Este quadro presta-se a todas as especulações. Os videirinhos dirão lá para eles: "se és honesto, não te queixes, tens o que mereces", ou, "só os burros se preocupam com a honestidade". A questão é que, há sempre um dia em que até os "videirinhos" necessitam que alguém seja honesto com eles, e às vezes a coisa corre mal... Mas também eles próprios alguma vez precisam de "ser" honestos, de reclamar para si uma imagem positiva, de serem tratados como gente de bem, e exigem-no até! E aí, só mesmo aqueles que conseguiram acumular fortuna é que se safam das malhas da Justiça, mas todos ficam com o estigma da desonra para toda a vida... Disso, não se livram.

Voltando ao exercício de retórica de que vos falei, o que sugiro para vossa reflexão, é o seguinte: já pensaram bem por que é que os Bancos exigem garantias para nos financiarem determinados valores? A resposta deles [Bancos] não é bem esta, porque é, digamos, pouco simpática e comercialmente incorrecta, mas a minha é simples: é porque não confiam em nós, mesmo que sejamos as pessoas mais sérias do mundo...

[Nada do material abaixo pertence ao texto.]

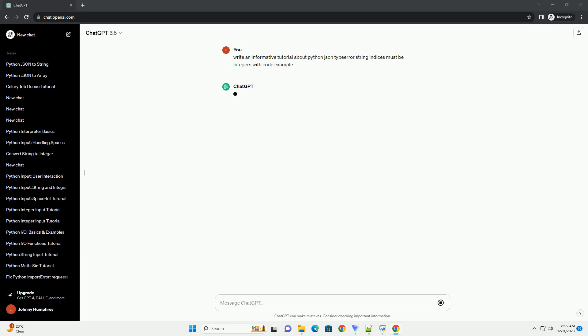Title: Handling Type Error - String Indices Must Be Integers in Python JSON Parsing.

Literalmente falando, é a desconfiança que está na origem dos fiadores. E, partindo do pressuposto que nem toda a gente é fiável, perguntarão: como faria então você se fosse banqueiro? Eu responderia: faria exactamente o mesmo que todos os banqueiros fazem, exigia um fiador.

Agora coloco-vos a questão de outra maneira: se os bancos não têm que acreditar na nossa palavra, se nos pedem garantias para nos conceder crédito, por que razão teremos nós de acreditar na palavra de um político para o levar ao poder, sem lhe exigir garantias? Então nós não somos confiáveis, e eles são? A que propósito? Com que fundamentos? Serão mais respeitáveis que nós?

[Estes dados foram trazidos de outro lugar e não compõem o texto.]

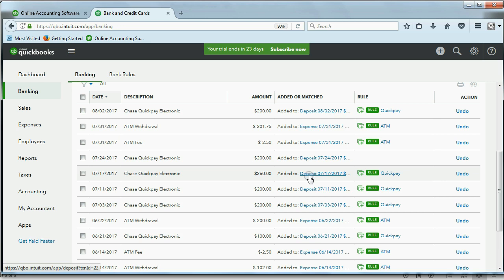And that's how you use bank rules in the bank feed center of QuickBooks Online.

Provavelmente, serei eu que não atinjo o lado sublime da coisa, ou que desconheço de todo o histórico «irrepreensível» da classe política portuguesa. Serei um ignorante, um radicalista, um anarquista, o que entenderem... Mas vão ter de me explicar muito bem, onde estão as diferenças, que é para vermos se ainda vamos a tempo de ver gente capaz e com a coluna vertebral intacta a governar o país. 

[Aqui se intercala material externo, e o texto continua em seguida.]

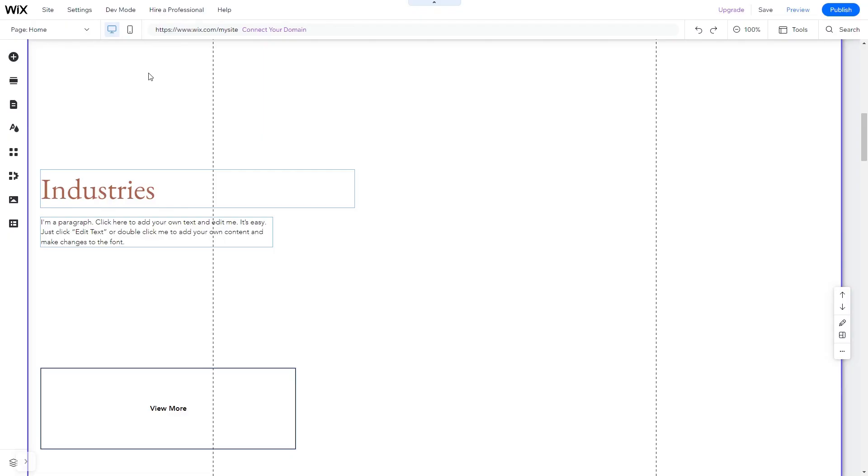Now let's head to the Wix website editor. In the Wix editor, click on Add Elements.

Mas, é bom que nos apressemos, porque a nossa esperança de vida ainda não chega aos 100 anos...   

2 comentários:

  1. Eu não tenho duvidas nenhumas, que este país infelizmente é dos Chicos espertos, e agora, até é, do salve--se quem poder.
    Comesse-mos por os desonestos dos governantes que hoje dizem uma coisa, amanhã é dizem outra, que roubam a uns para dar outros que mais têm, dão uma de competentes e não passam de uns incompetentes. É certo que toda aquela ave rapina que por cá anda no meio dos honestos, aproveita a confusão da anarquia e se governa a dar picadas em tudo que mexe e dê dinheiro.
    Os Bancos são os maiores culpados da crise, quando vendiam dinheiro a todo o cão e gato sem se preocuparem muito se ele tinha ou não tinha, e hoje é aquilo que nós vemos. Não pagam a crise nem eles nem os reformados bancários que dizem não são funcionários públicos e eu reformado que também não sou público! pago. Isto é uns serem honestos e os outros desonestos.
    A bem da nação que os pariu...

    O PORTO É GRANDE, VIVA PORTO.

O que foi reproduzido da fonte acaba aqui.